薛峰1,2(),李欣铜1,周琨1,魏志强3,葛晓霞3,葛志强4,宋凯1()   

  1. 1.天津大学化工学院,天津化工安全与装备重点实验室,天津 300350
    2.苏州创元产业投资有限公司,江苏 苏州 215000
    3.巨化集团有限公司健康安全环保部,浙江 衢州 324004
    4.浙江大学控制科学与工程学院,工业控制技术国家重点实验室,浙江 杭州 310027
  • 通讯作者: 宋凯
  • 作者简介:薛峰(1995—),男,硕士,3014207238@tju.edu.cn
  • 基金资助:
    国家重点研发计划项目(2018YFC0808600)

Abstract:

The highly toxic characteristics of fluorochemical products make it extremely important to monitor the operational reliability of fluorochemical process equipment. For this reason, this paper proposes a fuzzy inference system based on global-local structural analysis (GLSAFIS) to evaluate the operational reliability of fluorochemical process operation units online. After selecting the process variables of the operating unit according to the fluorochemical process flow, the global-local feature extraction of the operating unit process variables is carried out through the global-local structure analysis algorithm (GLSA). More importantly, GLSA transferred process data into a much lower feature space, which made it much more efficient to design fuzzy logics for a fuzzy inference system (FIS) and less dependent on expert knowledge. The effectiveness of the proposed method is evaluated through the fluorochemical R-22 production process located in East China and the Tennessee Eastman benchmark process. The results show that this method can accurately reflect the operating conditions of the actual chemical process operation unit, and plays an important role in monitoring the chemical process operation.
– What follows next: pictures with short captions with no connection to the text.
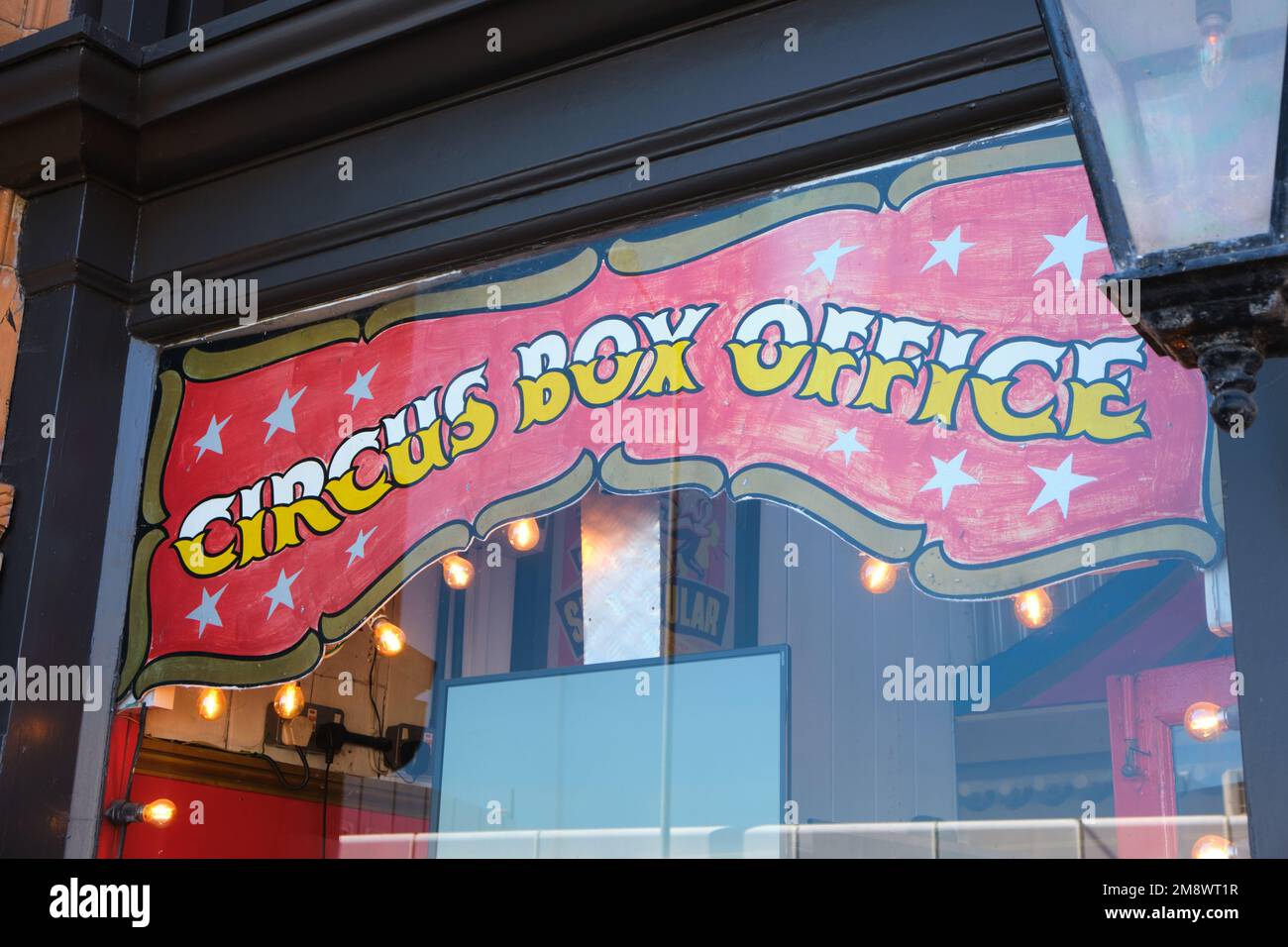 The Circus Box Office at Yarmouth Hippodrome in Great Yarmouth, England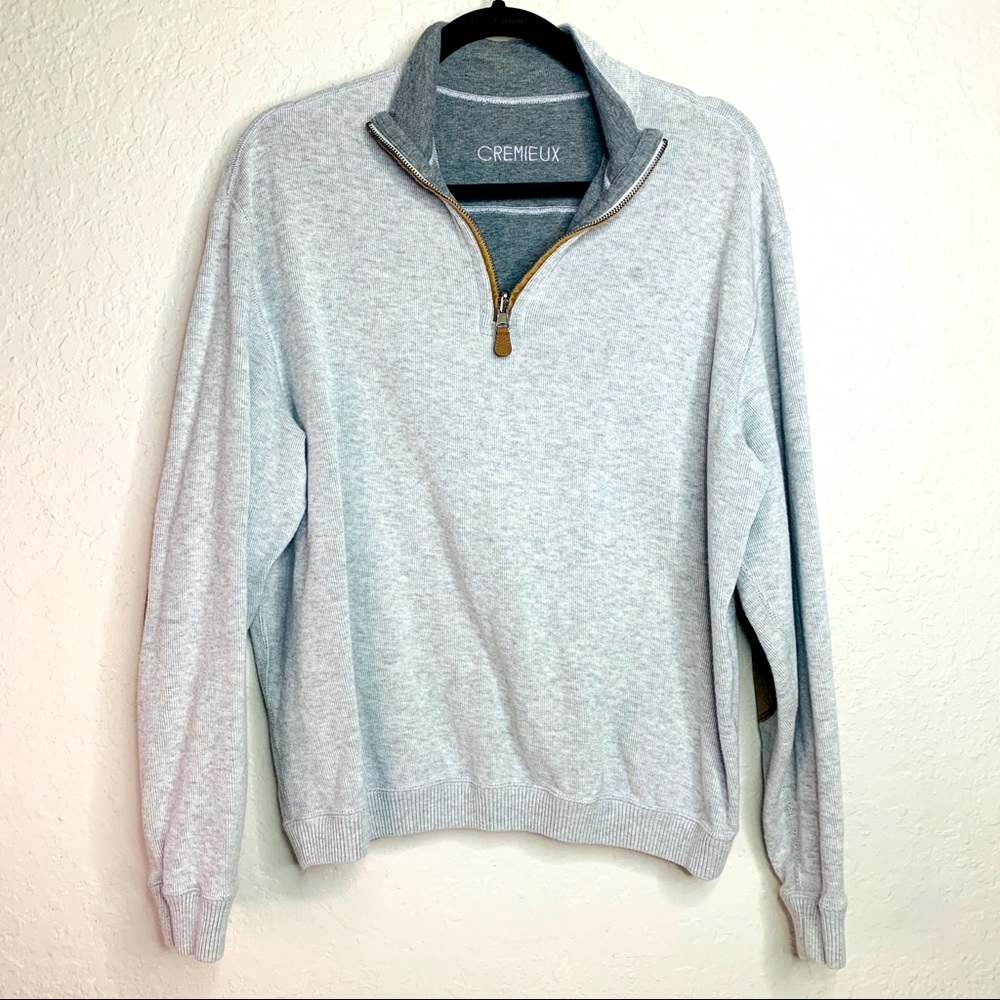 DANIEL CREMIEUX Reversible Mock Neck Pullover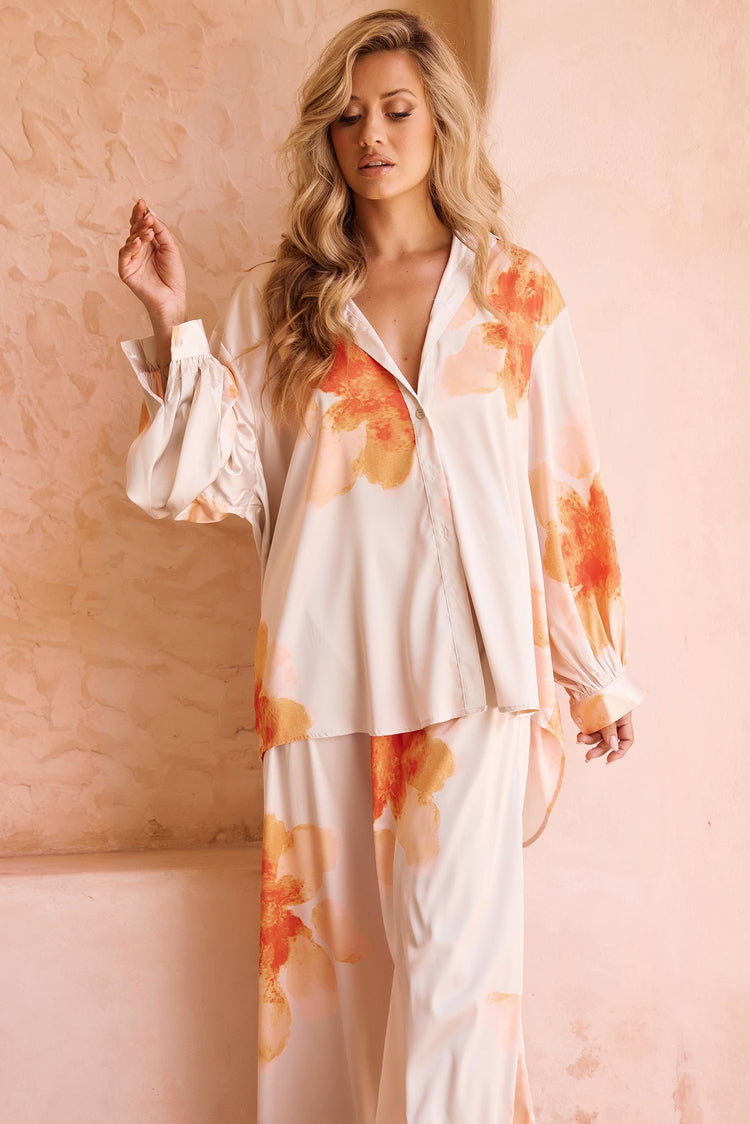 Love Based Shirt - Orange TOPS Sage and Paije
Key words: reliability estimation, global-local structure analysis, fuzzy inference system, fluorochemical process, Tennessee Eastman Process

摘要:

氟化工产物的剧毒特性,使得对于氟化工过程设备的运行可靠性监控异常重要。为此,提出了基于全局-局部结构分析的模糊推理系统(GLSAFIS)在线评估氟化工过程操作单元运行可靠性。依据氟化工工艺流程选取操作单元过程变量后,通过全局-局部结构分析算法(GLSA)对操作单元过程变量进行全局-局部特征提取。这些低维的全局-局部特征代替原始变量作为模糊推理系统(FIS)的输入,不仅可以克服噪声的影响,降低对专家知识的依赖,同时可以通过特征空间的降维压缩,大大加速后续模糊推理系统的逻辑设计。最后模糊推理系统的实施,使得本方法可以对化工过程操作单元可靠性进行在线评估。国内某氟化工厂二氟一氯甲烷(R-22)生产过程的实际应用以及田纳西伊斯曼模拟过程的仿真结果均证实了所提方法可以准确地反映实际化工过程操作单元的运行状况,大大提高了对实际化工过程的安全监控力度。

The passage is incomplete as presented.